● **Task statement**
Please return every line below that contains the string "White".

Items listed in a dataset:
━━━━━━
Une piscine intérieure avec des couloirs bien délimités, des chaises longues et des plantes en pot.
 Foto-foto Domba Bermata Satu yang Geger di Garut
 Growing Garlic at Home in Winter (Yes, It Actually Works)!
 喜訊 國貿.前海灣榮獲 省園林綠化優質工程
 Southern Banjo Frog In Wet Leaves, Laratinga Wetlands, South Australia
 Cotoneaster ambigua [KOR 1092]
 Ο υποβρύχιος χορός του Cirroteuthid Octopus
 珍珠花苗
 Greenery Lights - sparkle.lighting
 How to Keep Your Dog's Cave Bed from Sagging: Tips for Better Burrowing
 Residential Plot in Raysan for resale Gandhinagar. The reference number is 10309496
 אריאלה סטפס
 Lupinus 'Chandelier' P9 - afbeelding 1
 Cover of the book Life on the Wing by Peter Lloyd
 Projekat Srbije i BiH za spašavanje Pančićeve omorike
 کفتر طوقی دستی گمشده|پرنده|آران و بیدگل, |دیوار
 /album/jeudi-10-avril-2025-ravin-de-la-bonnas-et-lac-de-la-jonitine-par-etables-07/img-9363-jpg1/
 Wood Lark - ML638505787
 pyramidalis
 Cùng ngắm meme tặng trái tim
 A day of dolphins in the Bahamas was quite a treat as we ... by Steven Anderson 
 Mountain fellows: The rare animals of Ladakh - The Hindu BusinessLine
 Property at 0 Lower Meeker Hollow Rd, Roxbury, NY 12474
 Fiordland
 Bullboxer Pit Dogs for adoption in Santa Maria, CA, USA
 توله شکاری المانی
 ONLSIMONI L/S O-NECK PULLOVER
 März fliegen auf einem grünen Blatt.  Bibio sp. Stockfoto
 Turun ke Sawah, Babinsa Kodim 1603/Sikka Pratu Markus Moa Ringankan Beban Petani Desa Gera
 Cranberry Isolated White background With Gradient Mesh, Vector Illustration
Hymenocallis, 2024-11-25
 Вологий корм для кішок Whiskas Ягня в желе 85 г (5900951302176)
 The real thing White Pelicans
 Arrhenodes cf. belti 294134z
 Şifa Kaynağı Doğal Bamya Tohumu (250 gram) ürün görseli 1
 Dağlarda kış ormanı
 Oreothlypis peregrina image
━━━━━━
● **Your response**
 Cranberry Isolated White background With Gradient Mesh, Vector Illustration
 The real thing White Pelicans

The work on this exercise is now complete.